Mental Health
The Side of Depression That Isn’t Spoken About
“My father was my greatest inspiration. He was a lunatic.” Spike Milligan
I’ve created a series of talks around mental health—beginning with Depression, a common struggle in winter, followed by Anxiety, Stress, Identity, Personality, and more.
The aim of this series isn’t to provide quick fixes, but to offer real information—information that can lead to an awakening. A more honest understanding of mental health can help people move forward with clarity rather than shame.
Each part builds on the last, because mental health isn’t a simple conversation. It’s a vast one, shared by millions of people, shaped by different experiences, environments, and nervous systems.
A woman struggling with depression once said to me:
“I saw a program on TV where a psychologist explained that people with depression have a certain brain structure.”

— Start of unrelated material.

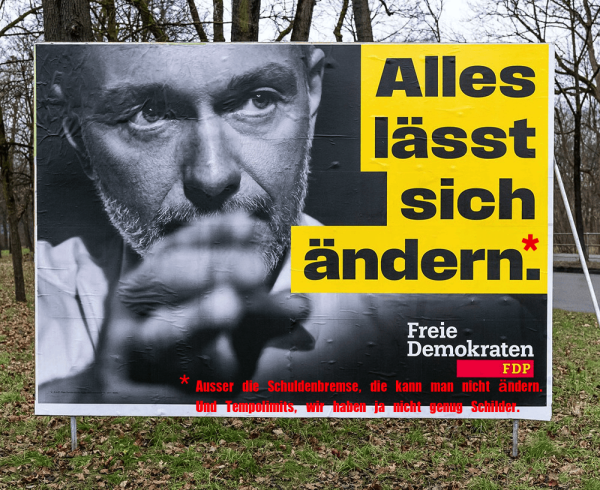 Wahlplakat von Christian Lindner (FDP, kleiner-5%-Partei, Arbeitsverweigerer). "Alles lässt sich ändern.", mit der Anmerkung das sich anscheinend die Schuldenbremse und das Tempolimit doch nicht ändern lassen.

What I heard beneath that statement was this:
She was searching for a reason for her suffering—
and at the same time finding some relief in the idea,
“It’s not my fault. This is just how I am.”
And here’s where things get both true and false.
It is true that people experiencing depression often show differences in brain structure, particularly in areas involved in mood regulation, memory, and decision-making.
It is false that these differences are a simple, fixed cause of depression.
Let me explain.
The Brain Isn’t Broken — It’s Adapting
The brain is a beautiful, intelligent organ. One of its most remarkable qualities is neuroplasticity—the brain’s ability to physically change in response to experience, environment, and behaviour.
When we observe the brains of people experiencing depression, researchers often notice changes in grey matter in certain regions. This is important—but often misunderstood.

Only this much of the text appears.